- France – Ligue 1 – Stade rennais
Et bah alors, il commence quand Juan Quintero ?
Il était le bonbon de la fin du mercato estival du Stade rennais : Juan Quintero, petit phénomène colombien, étiqueté joueur plaisir, manieur fou prêté par le FC Porto pour s'endurcir dans la rugueuse Ligue 1. Sauf que plus d'un mois après son arrivée en Bretagne, la Pulga de Medellin n'a toujours pas une apparition sur la feuille de match…
C’était le 19 juin 2014 à Brasilia, face à la Côte d’Ivoire. Du puits sans fond qu’est le réservoir du football colombien émergeait un nouveau petit bonhomme nommé Juan Quintero. Entré en jeu quelques minutes auparavant en remplaçant Ibarbo, le gamin était parfaitement lancé par Teo Gutiérrez à la limite du hors-jeu et s’en allait tranquillement tromper Barry Copa d’un plat du pied sécurité plein de maîtrise, pour le 2-0 qui allait finir en 2-1 à la fin du match. Quintero, ce blaze qui sonne bien, les suiveurs du championnat portugais l’avaient déjà en tête depuis qu’il était arrivé à Porto l’été précédent, en provenance d’Italie et du club de Pescara, où il avait fait connaissance avec le football européen.
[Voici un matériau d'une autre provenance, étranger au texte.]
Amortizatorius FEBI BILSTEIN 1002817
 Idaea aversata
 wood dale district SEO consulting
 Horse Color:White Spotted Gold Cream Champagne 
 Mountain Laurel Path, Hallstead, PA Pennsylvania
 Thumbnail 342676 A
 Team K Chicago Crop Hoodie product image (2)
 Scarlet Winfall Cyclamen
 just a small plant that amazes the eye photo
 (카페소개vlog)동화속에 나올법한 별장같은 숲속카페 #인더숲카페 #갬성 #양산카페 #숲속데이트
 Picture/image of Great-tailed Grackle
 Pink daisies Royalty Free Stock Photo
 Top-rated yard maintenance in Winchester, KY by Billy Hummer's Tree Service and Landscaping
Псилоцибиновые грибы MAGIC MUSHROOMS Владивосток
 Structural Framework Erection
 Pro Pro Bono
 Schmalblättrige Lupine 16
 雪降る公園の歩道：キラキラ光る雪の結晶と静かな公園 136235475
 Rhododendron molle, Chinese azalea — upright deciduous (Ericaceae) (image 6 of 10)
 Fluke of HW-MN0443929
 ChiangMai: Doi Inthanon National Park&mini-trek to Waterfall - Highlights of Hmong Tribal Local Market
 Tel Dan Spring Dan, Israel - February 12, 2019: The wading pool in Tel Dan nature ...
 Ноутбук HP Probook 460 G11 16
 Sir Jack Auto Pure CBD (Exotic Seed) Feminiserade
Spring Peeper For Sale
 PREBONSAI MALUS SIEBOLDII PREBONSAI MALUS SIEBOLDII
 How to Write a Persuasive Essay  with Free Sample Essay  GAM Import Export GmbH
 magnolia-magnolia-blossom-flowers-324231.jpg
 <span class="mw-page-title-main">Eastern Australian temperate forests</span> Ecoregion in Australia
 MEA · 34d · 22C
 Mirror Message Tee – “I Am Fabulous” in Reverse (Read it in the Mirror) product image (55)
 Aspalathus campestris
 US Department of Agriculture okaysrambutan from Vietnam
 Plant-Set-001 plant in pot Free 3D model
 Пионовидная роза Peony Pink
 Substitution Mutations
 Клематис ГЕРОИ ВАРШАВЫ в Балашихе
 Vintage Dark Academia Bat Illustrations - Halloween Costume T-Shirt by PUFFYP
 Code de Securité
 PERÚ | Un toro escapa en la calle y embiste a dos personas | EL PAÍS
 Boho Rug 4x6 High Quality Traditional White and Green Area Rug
En déroulant plus en amont encore la carrière du garçon, il y a les débuts à la maison avec Envigado (où ont également commencé Fredy Guarín et surtout James Rodríguez), puis le prestigieux Atlético Nacional. La carrière est alors linéaire, l’ascension quasi parfaite, l’intérêt des plus grands clubs permanent, car le talent évident, tendance dynamiteur provocateur.
Comme Lucas, Luís Fabiano ou Silvio Romero ?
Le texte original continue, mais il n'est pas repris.